Kill me !! Kill me. My Greedy approach is correct . There was a single line I missed in the implementation. I used a min heap and I forgot to insert the previous topmost element(which I had popped) whenever I am creating a new testcase. It got accepted now and I am confused why could not I find this in more than an hour.

It happens...

In Problem C,

O(test * 3 * gcd(a, b)) times remainder calculation cost TLE on test 4. Does the remainder calculation cost this much?

:(

Your time complexity for solution 78195345 is O(test * q * a * b). For every test, for every query you iterate x at most len times (which can equal to a * b) so you have around 100 * 500 * 200 * 200 = 2e9 operations times constant. You also have remainder calculation so I guess it is a rather predictable verdict.

Ohh! Thanks. My Bad...

But how this solution passed 78177360? I think it is also O(T*q*a*b). The time limit was 3.5 sec though.

Then I was wrong and this solution passes because it has precalculated remainders and the previous one did not.

How is 78182933 doesn't get TLE?

It has linear complexity for every query or did I miss something?

As far i understand he calculates curr in the loop which is never used after that. As it is never used so compiler removes that loop as a part of optimization. As a result the loop doesn't get a chance to run so there is no tle.

Thanks, you were right. I don't know that compiler can skip unnecessary operation.

Question C: Which number $$$x$$$ in the range $$$[100,200]$$$ other than $$$141-149$$$ gives $$$(x \mod 7)\mod 10 = (x \mod 10)\mod 7?$$$ The answer is $$$91$$$, so there should be $$$10$$$ such numbers.

140

omg...........*cries in a corner*

Fail on 1605th number.

Oh cmon? How can I debug? 78209018

Here's your case:

1

21 14 1

291 823

Could you please tell 48011th number of test case 2? please.

1

48 32 1

16 99

How do you find the test cases?

Got no idea what's wrong with my C submission.

Could anyone take a look at it? https://codeforces.com/contest/1342/submission/78197703

Why do you post the link of this blog here?

You should've at least posted your submission (78197703) here and not the link of the blog entry.

Update the link to submission

one major thing is the for loop from l to r.

the range can be way orders of magnitudes over 10^9 .. so you'd get TLE even if your solution passed test 3.

is it possible to solve C without prefix sum / dp ?

There's a dp/prefix sum solution for C?

I just excluded the numbers from i*LCM(a,b) to i*LCM(a,b)+max(a,b) for i=0,1,2,3.. from the range l to r

Yes it can be solved. You can check my submission https://codeforces.com/contest/1342/submission/78176991

You can use the fact that x%a%b == x%b%a occurs at every multiple of lcm(a, b) for exactly max (a, b) times.

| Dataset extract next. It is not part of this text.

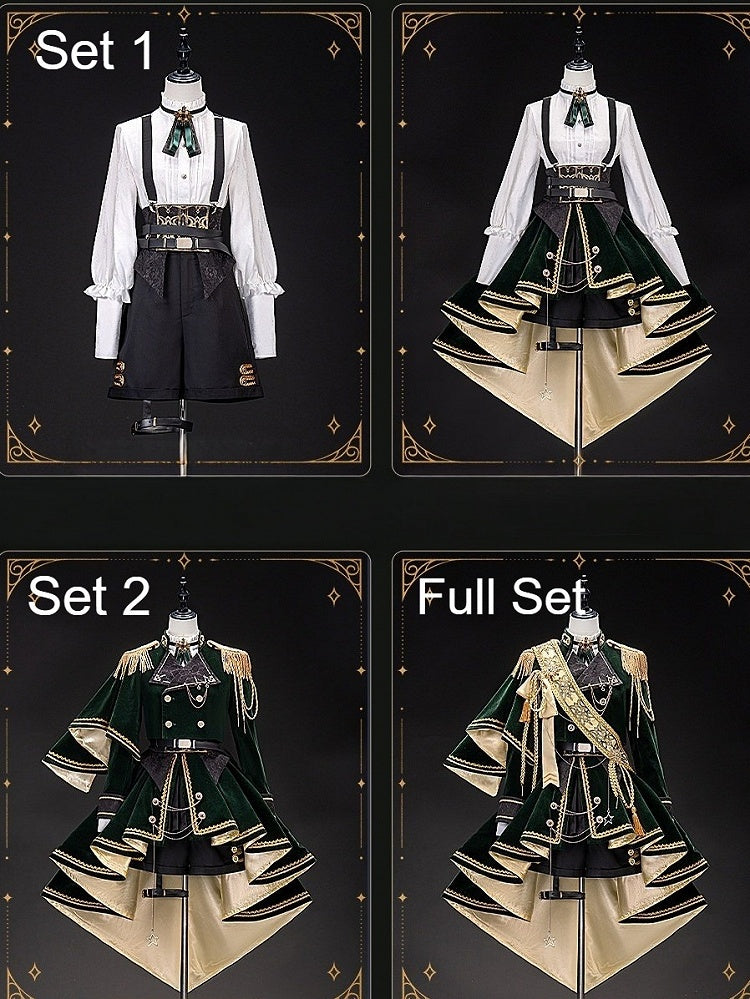 【12月7日予約締切】Dark Green & Gold Royal Prince-Style Military Lolita Set 1/2 + Full Set Ouji Fashion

You just get that and you have your answer in O(1) for each query, or log(n) if you consider GCD.

I've tried things similar to this but it's not working for me https://codeforces.com/contest/1342/submission/78229431

can you tell any counter case on which this will be failing ?

UPD:Just figured I was unnecessarily assuming that if a and b are divisible then the o/p will always be 0. thanks for the help thoi also assumed the same and was getting WA on test 2 can you pls explain why that assumption is wrong my submission on c

I also put the same condition though, and mine is accepted, so it must be something else, I will try looking into test cases after system testing.

The problem was not the a and b divisible condition, but you did not take inputs when they were divisible. You just printed 0 q times. you should also take left and right inputs.

that fucking simultaneously word in problem A .......

I don't even understand what are you talking about.

they have mentioned that we have to convert x and y into zero simultaneously and later they made an announcement that it is not req.

I agree that it might be misleading but I didn't have any problem with understanding that word. I take it as the meaning of a simultaneous equation and didn't notice that word until I see this comment.

Pls don't take it as the meaning of a simultaneous equation...

Please never take it as the meaning of a simultaneous equation dude

simultaneously means at the same time, doesn't it?

exactly bro but then they later said that it is not req.

(https://codeforces.com/contest/1342/submission/78163668)

(https://codeforces.com/contest/1342/submission/78134634)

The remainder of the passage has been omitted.